今日発売の近代麻雀に掲載されていた、アカギを読んでて思い出したというか引っ掛かったんで探し出してきた。
季刊「藝能東西」一九七六年四月花吹雪号に掲載されたエッセイ、「麻雀はイメージ戦争」阿佐田哲也(色川武大)に書かれていたこと。
全部で4Pのショートエッセイですが、下記のは部分抜粋なので、気になった方は原典*1を参照することをお薦め致します。
まずいえることは、麻雀はイメージ戦争であるということである。
お互いの手牌は最終的に和了!という声で牌を倒し、相手の視線にさらしたときにはじめて実体がわかる。
それまではお互いに推察しあって対応しているのである。
お互いの頭の中にあるのは相手の実体ではなくイメージである。相手が抱いてるイメージと同じことをやってはいけない。
では、まず相手が自分に対してどんなイメージを抱いているか知る必要がある。
一歩進めていえば、相手に自由なイメージを持たせないために、こちらから特定のイメージを売りつけるのである。
思い込み、そんなはずは、しかしそれが。
ワシズさまのやったことと、今号で描かれた砂の中の、というのが通じるものがあるんじゃあないですかね。

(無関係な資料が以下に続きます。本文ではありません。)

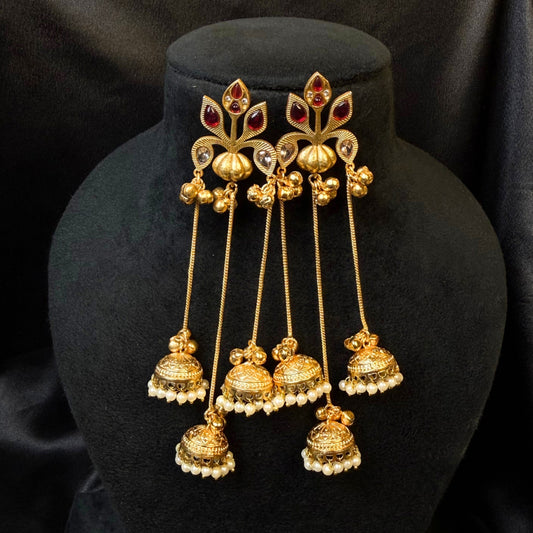 Traditional Kashmiri Jhumka Earrings Gold-Plated Long Dangler Earrings with White Pearl Drops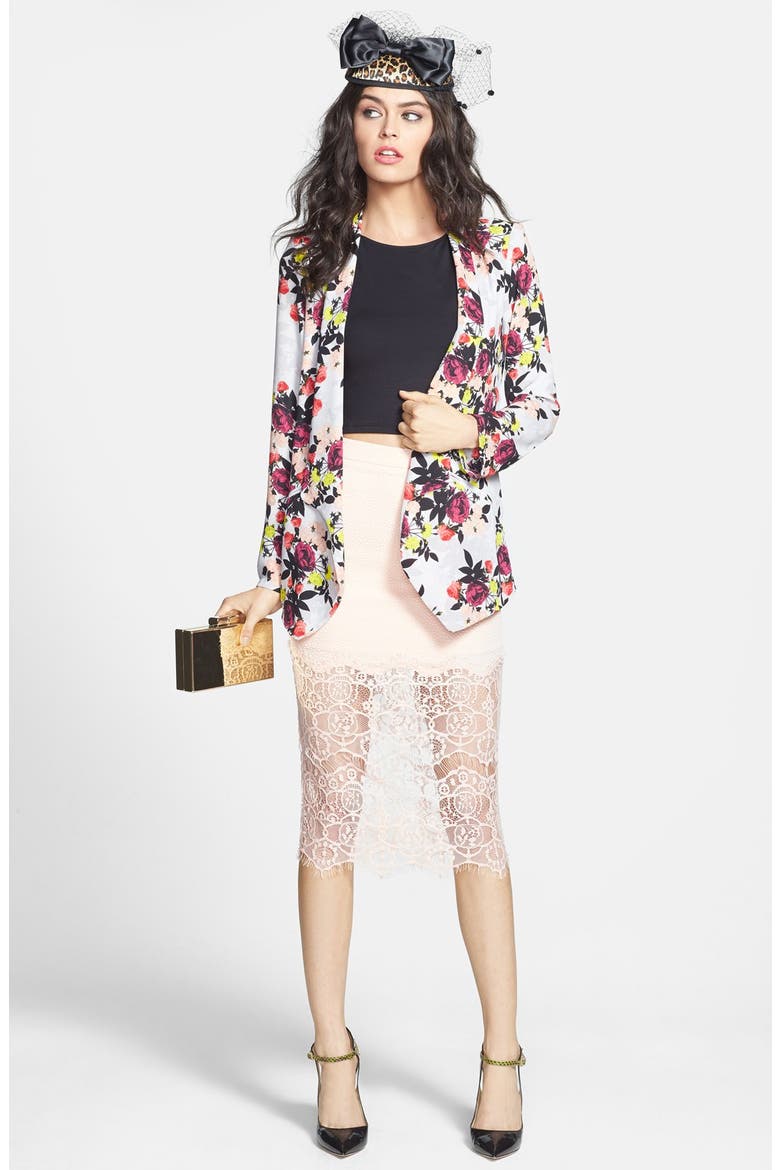 ASTR Drape Front Blazer, Alternate, color, PINK MULTI FLORAL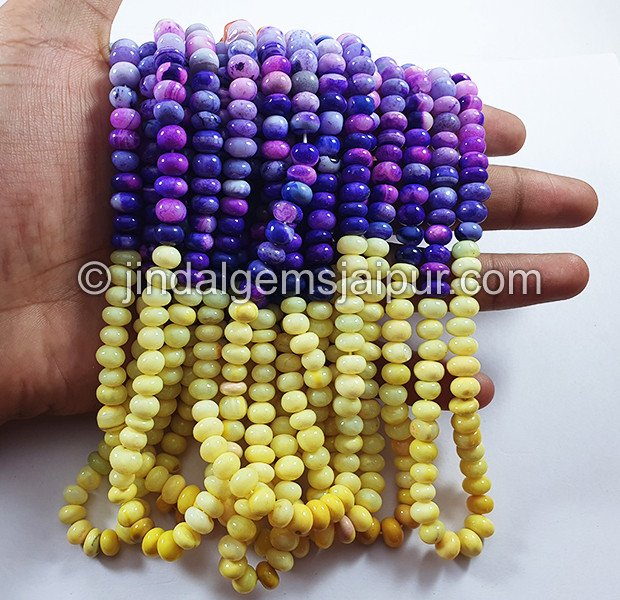 Multi Opal Dyed Smooth Roundelle Shape Beads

下の文章はまた少し別の話も混じるのですが、武術とかの師匠が弟子を取るとき、最初に徹底的に痛めつけて上下関係を植えつける、なんて話も思い出しますね。
麻雀は一度、強いぞ、と思われたら七分方有利である。
この点は芸能と似ていて相手をまきこむことが必要なのだ。
強い者には相手が受身になってくれる。弱いと思われると、誰も警戒の眼を向けてくれない。
無警戒の方が有利に思えるが、そうではないのである。
これはスポーツやなんかでもそうなんですけど、一度決められた順列を覆すって、すげーエネルギーが要るんですよね。
鷲頭に勝ったアカギが天たちの前に現れるまでって、代打ちとして魅せる麻雀をしつつ「格が違う」「無敵」とか言われ続けてた筈なんだよなあと考えると、勝てる奴が出ないのも当然だったのかも。